Figure 1.

Analysis of the mAbs conjugated with antigen. The anti-DEC-205 mAbs and the isotype control were chemically cross-linked to 16E5 and characterized by Western blot and flow cytometry. (A) The conjugates were resolved in an 8% SDS-PAGE under non-reducing conditions and analyzed by Western blot. As control, non-conjugated anti-DEC-205 mAbs were used. The membrane was incubated with a rabbit anti-rat IgG polyclonal Ab, followed by a goat anti-rabbit IgG polyclonal Ab-HRP (left panel). To detect 16E5, a different membrane was incubated with an anti-His mAb, followed by a goat anti-mouse IgG polyclonal Ab-HRP (right panel). Signal was developed by chemiluminescence. (B) BM-derived DCs or MA-104 cells (MA) were lysed and 20 µg of total protein were developed in an 8% SDS-PAGE under non-reducing conditions and analyzed by Western blot.
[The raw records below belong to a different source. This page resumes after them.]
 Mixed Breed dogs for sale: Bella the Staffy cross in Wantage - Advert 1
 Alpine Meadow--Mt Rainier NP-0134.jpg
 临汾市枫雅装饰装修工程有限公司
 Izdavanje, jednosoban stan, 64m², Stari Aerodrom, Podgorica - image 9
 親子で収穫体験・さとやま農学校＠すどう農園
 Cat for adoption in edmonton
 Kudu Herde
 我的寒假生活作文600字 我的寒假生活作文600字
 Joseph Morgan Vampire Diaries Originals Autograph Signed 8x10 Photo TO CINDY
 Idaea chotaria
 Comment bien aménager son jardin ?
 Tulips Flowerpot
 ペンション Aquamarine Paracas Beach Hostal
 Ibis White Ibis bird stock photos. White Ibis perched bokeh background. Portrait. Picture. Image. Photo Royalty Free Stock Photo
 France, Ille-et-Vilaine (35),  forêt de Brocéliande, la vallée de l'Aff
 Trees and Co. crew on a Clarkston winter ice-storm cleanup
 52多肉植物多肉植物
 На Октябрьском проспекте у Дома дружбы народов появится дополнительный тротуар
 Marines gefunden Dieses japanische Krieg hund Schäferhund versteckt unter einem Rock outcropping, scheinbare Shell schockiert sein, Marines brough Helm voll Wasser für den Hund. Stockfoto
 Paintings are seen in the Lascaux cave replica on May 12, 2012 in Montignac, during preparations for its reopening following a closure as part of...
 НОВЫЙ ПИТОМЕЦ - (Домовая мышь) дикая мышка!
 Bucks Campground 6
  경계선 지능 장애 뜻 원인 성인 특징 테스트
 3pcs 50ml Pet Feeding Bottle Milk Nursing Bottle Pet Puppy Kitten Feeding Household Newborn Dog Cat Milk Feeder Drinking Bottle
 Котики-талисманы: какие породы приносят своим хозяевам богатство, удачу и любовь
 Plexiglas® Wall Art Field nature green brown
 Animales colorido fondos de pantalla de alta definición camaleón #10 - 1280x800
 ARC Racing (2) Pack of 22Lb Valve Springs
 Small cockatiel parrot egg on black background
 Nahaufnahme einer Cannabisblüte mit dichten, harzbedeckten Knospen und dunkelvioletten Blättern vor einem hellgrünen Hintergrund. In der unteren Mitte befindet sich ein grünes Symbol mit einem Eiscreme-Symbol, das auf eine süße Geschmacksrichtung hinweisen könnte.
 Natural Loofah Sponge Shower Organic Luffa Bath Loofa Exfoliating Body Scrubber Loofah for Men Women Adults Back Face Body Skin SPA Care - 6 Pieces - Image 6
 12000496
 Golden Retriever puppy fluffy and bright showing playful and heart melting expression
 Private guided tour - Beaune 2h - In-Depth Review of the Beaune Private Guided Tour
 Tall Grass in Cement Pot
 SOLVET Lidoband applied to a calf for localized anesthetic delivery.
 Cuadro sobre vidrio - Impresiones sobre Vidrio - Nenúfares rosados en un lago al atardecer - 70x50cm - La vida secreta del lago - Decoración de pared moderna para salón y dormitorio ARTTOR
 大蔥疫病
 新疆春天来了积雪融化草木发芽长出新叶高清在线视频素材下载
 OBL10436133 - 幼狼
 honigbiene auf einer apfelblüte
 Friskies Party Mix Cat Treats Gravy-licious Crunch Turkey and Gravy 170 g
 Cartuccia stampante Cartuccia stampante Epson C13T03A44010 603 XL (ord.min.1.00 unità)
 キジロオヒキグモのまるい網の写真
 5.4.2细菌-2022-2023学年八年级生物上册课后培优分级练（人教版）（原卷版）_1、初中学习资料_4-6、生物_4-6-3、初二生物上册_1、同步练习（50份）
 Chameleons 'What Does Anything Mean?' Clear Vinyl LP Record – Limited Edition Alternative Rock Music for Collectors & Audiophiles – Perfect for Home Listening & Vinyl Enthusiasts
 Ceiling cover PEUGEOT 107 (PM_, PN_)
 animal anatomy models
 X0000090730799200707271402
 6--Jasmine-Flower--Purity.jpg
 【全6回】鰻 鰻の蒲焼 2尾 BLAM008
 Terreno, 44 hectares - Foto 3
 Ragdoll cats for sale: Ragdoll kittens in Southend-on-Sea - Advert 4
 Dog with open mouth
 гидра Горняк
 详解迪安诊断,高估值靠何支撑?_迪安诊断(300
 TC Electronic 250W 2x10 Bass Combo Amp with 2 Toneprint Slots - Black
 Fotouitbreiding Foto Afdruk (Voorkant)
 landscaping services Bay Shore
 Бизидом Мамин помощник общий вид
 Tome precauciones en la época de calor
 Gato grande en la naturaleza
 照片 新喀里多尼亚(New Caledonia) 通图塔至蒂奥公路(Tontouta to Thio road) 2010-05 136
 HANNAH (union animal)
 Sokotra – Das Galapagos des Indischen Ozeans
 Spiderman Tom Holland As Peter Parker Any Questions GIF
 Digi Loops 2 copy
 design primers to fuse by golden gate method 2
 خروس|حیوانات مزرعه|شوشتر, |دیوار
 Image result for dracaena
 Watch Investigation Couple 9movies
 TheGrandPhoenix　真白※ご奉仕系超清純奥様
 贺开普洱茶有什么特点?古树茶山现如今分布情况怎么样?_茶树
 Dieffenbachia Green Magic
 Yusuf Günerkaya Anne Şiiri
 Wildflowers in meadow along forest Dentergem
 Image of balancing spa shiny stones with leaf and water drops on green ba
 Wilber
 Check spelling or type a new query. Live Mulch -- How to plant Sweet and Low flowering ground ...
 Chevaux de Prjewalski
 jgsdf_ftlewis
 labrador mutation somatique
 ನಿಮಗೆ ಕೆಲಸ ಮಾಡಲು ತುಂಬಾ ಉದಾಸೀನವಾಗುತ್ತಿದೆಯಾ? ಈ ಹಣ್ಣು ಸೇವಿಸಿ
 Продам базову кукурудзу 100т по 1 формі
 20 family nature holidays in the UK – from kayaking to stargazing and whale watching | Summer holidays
The membrane was incubated with the anti-DEC-205 mAb, followed by a rabbit anti-rat IgG polyclonal Ab-HRP (left panel). A different membrane was incubated with the anti-DEC-205:16E5 or isotype:16E5 conjugates, followed by the anti-His mAb and by a goat anti-mouse IgG polyclonal Ab-HRP (right panel). Signal was developed by chemiluminescence. (C) BM-derived DCs were stained with the anti-DEC-205 mAb, followed by a goat anti-rat IgG polyclonal Ab-FITC, or stained with the anti-DEC-205:16E5 or isotype:16E5 conjugates, followed by the anti-His mAb and a goat anti-mouse IgG polyclonal Ab-FITC. The cells were analyzed by flow cytometry.